The comparison between the two shirt sleeve deals is sure to get more tongues wagging in South Africa, where there has been intense backlash over the proposed deal in light of the country’s energy crisis.
Political parties across the divide have joined the criticism.
The DA’s tourism spokesperson Manny de Freitas said in a statement: “Our country is in a power crisis. Consumers are being crushed by inflation. There is no way the ANC will be able to condone such a decision in the 2024 election, not even among its staunchest supporters.”
He called the plan “a slap in the face of every South African whose hard-earned tax will be used to sponsor a first-world football team, and an insult for the South African tourism and travel sector which was decimated, and in many cases completely destroyed, during and post Covid-19.”
De Freitas said he would submit questions as to how the decision was arrived at and what studies were undertaken to justify it. He said the DA would also be tabling it at the next tourism portfolio committee meeting.
GOOD Party MP Brett Herron told the Argus: “Providing a stable electricity supply, and managing sewerage in the country’s premier tourist cities, Cape Town and Durban, to stop the forced closure of beaches, would do more to market South Africa than paying a small fortune to print the national flag on the football shirts of Tottenham Hotspur.”

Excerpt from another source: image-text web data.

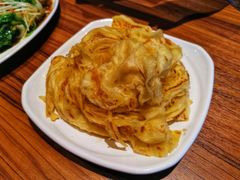 草帽饼-六泰居·尔滨地标·东北菜(松北店)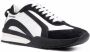 Dsquared2 Legend low-top sneakers Wit - Thumbnail 2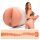 Fleshlight Mia Malkova Boss - masturbatore realistico in silicone a forma di sedere (naturale)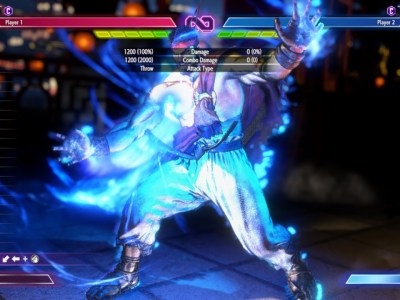 Best Controls Settings and Button Mapping for Street Fighter 6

Herron said that while developing the tourism sector was important to the economy, there were too many other urgent priorities to warrant the proposed sponsorship deal and that it should be “shot down” on the same basis as that of the department of arts and culture plan to fund a hugely expensive giant flag: “Unaffordable and preposterous.”
According to the Argus, ActionSA president Herman Mashaba added: “At a time when South Africa is facing an unprecedented energy crisis and rampant crime, scarce state resources should be used to address the most pressing needs in the nation.”
He said South African sports teams and athletes continued to have to beg for money and seek sponsorships when they aimed to represent the country overseas.